Critical infrastructures are targeted with devastating cascading repercussions, greater than those generated by the “Not Petya” malware which in 2017 caused the blocking of the digital systems of about 7,000 companies in 65 countries. Reports have already been received of possible cyber attacks on the financial sectors of the United States and the EU 22 Feb 2022 Patrizia Licata Journalist

The growing tensions between Russia and Ukraine with the threat of a large-scale armed conflict may also have an impact in terms of cybersecurity.
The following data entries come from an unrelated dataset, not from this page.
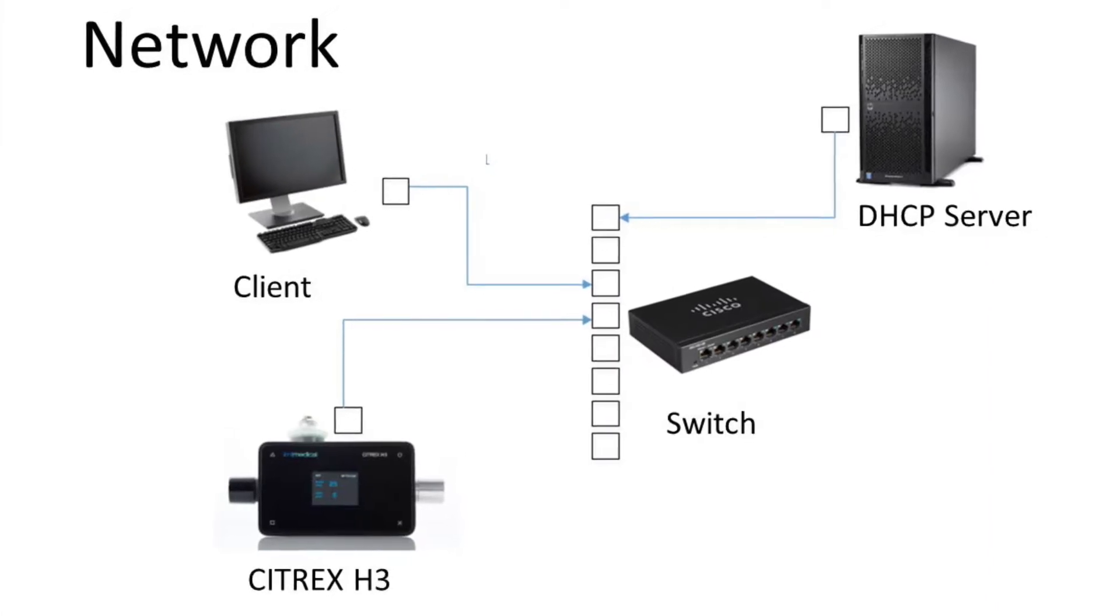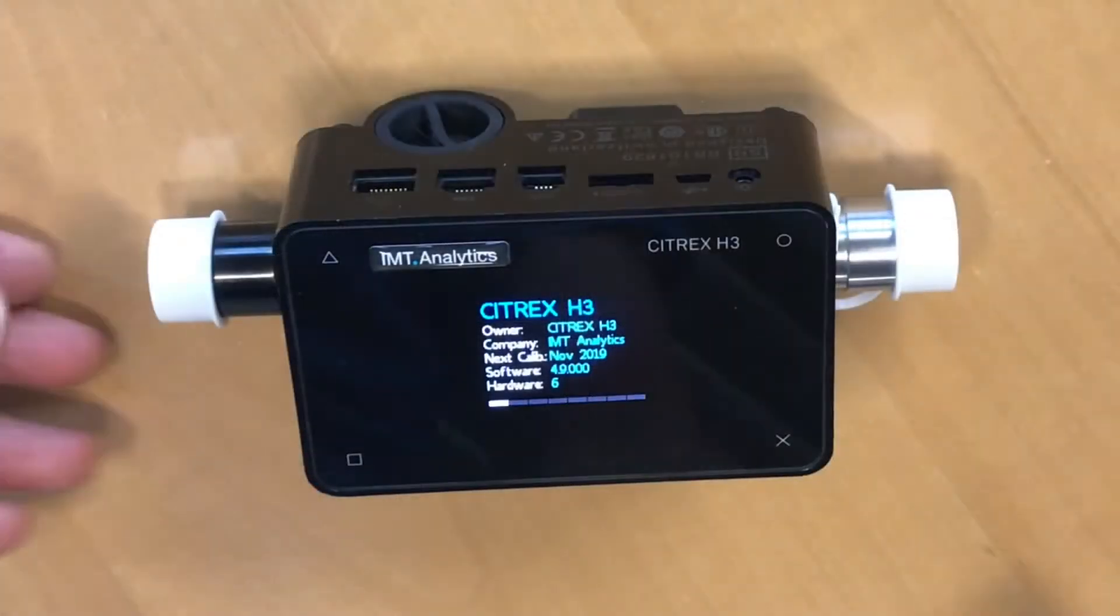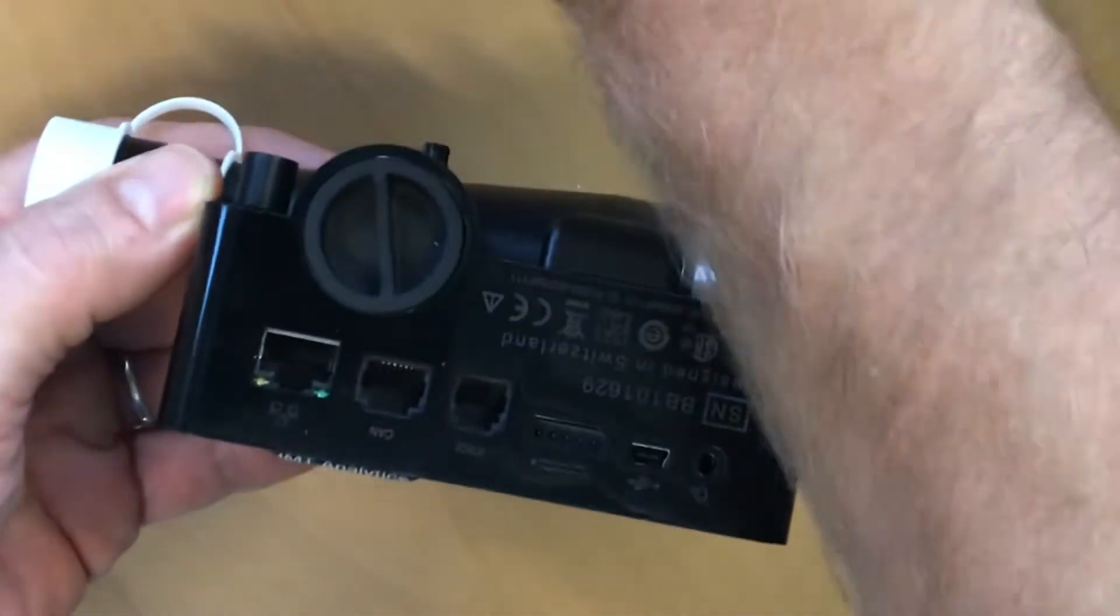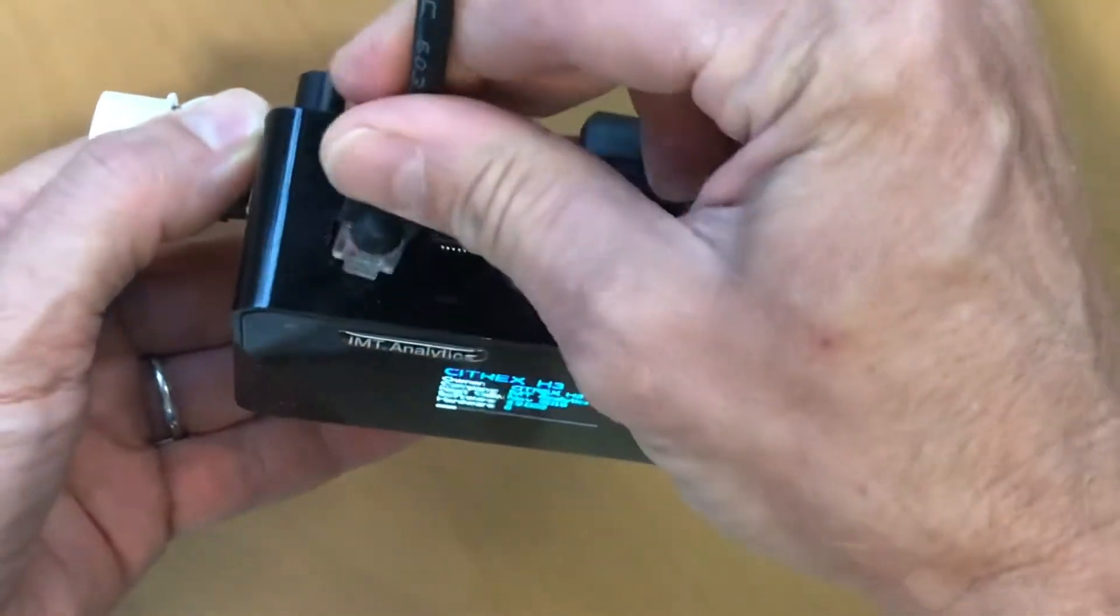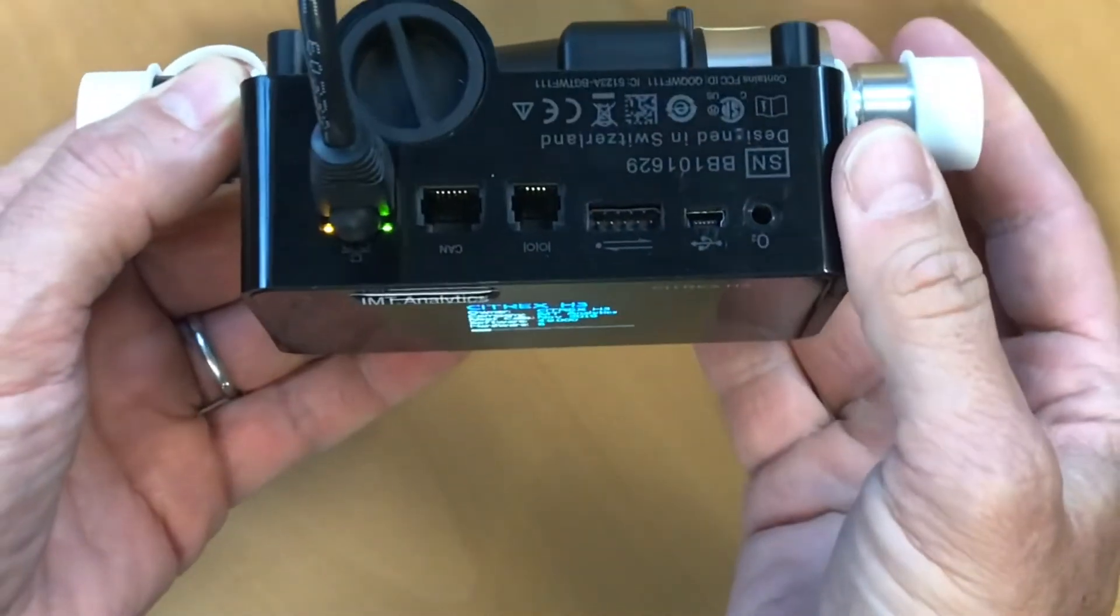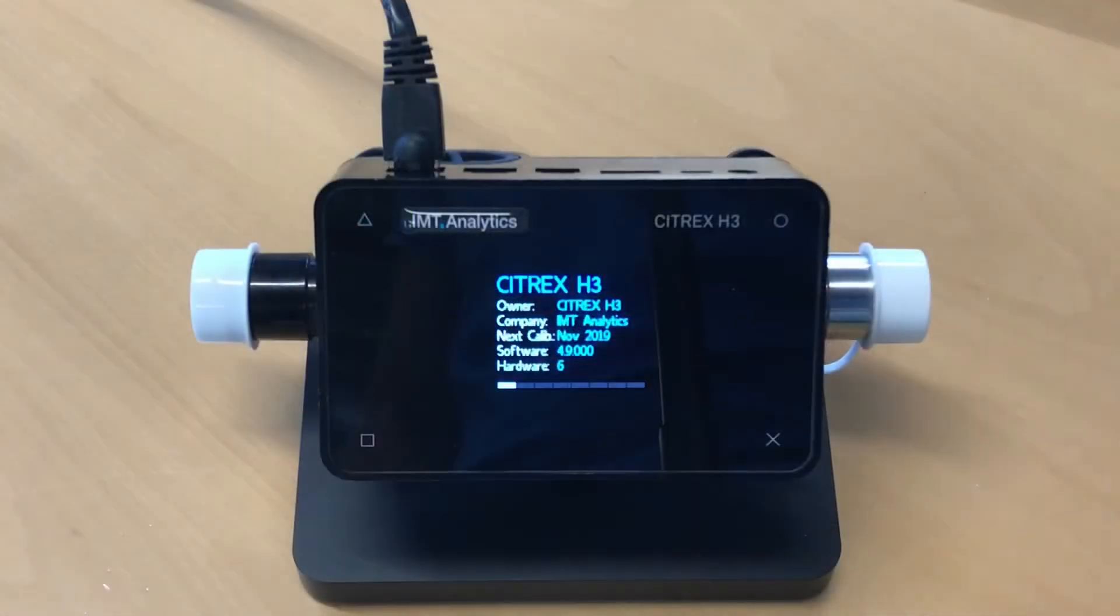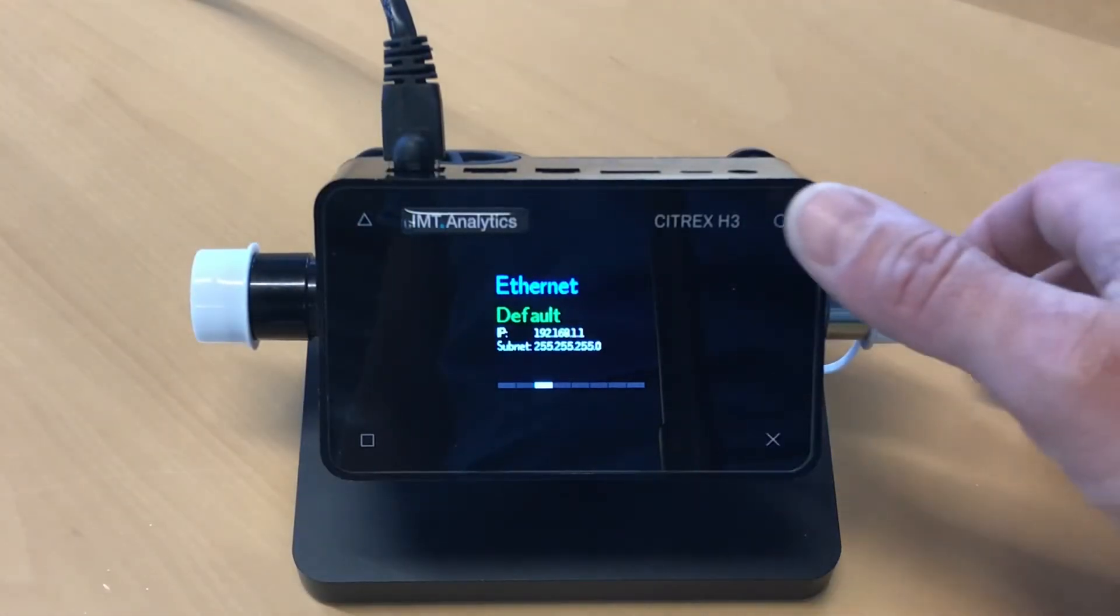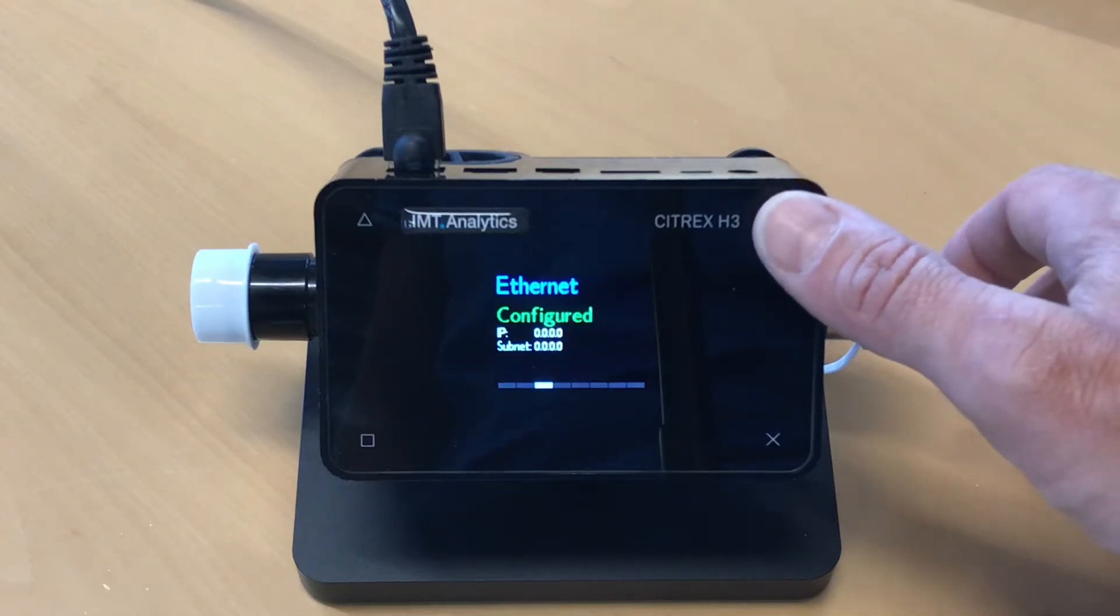In this video, I show you how to connect the Citrix H3 to your network. Just connect the ethernet cable to your Citrix device. Connection will be established. Then go to the menu on the ethernet section.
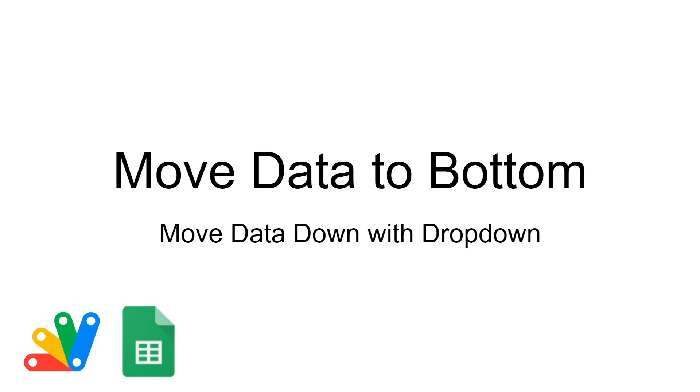This is how to move data down using a dropdown. I have other videos showing how to move data across sheets and even across spreadsheets, but there's always been requests of how to move data down instead of across.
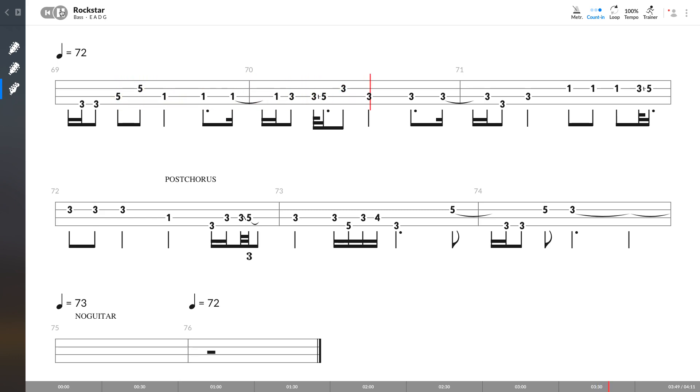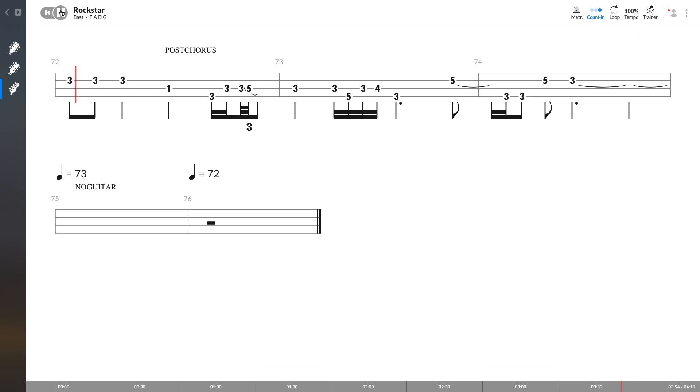And we'll hide out in the private rooms with the latest dictionary and today's who's who. They'll get you anything with that evil smile. Everybody's got a drug dealer on speed dial. Well, hey, hey, I wanna be a rock star.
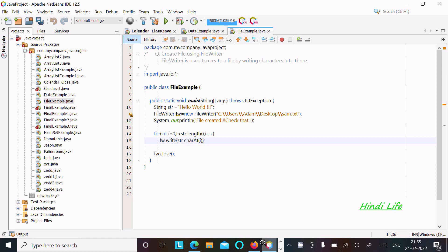In this video lecture I am going to discuss creating a file using the FileWriter class. FileWriter is used to create a file by writing characters into it. This is the small definition of FileWriter, and this is the code that I have already written.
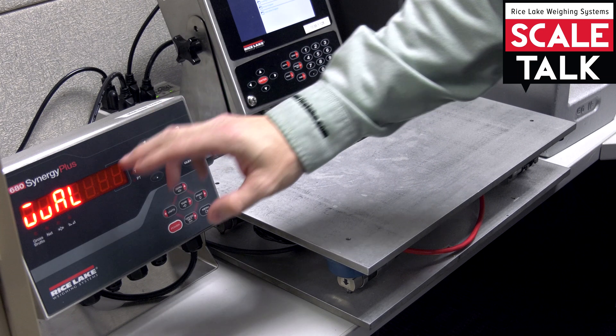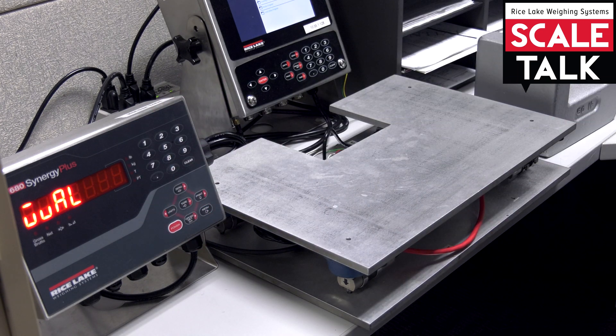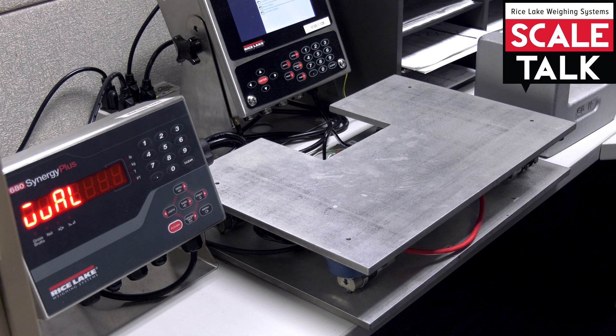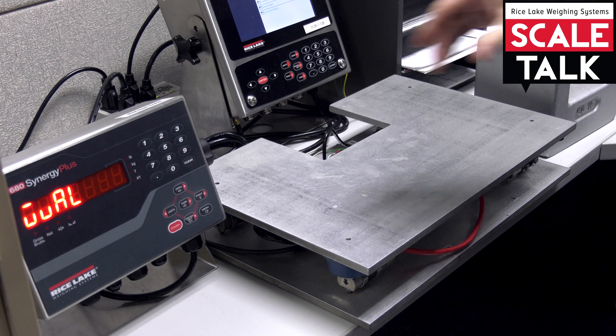And I'm going to go over to my WVAL. That's for weight value. So I have to tell the indicator how much weight I'm going to put on the scale, otherwise it's not going to know.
And the economic impact could exceed $ 10 billion for nations and businesses. This was stated by S&P Global ratings: the agency notes a strong risk that Ukraine is the target of new and targeted cyberattacks. These hacker attacks could also spread beyond Ukraine's borders to target other nations and businesses in the surrounding area or beyond. A cyber attack "could have ripple effects on businesses, government and others in the region and beyond," said S&P analyst Zahabia Gupta. "We are monitoring whether this type of attack can spread beyond the borders of the country and its potential implications" in economic terms.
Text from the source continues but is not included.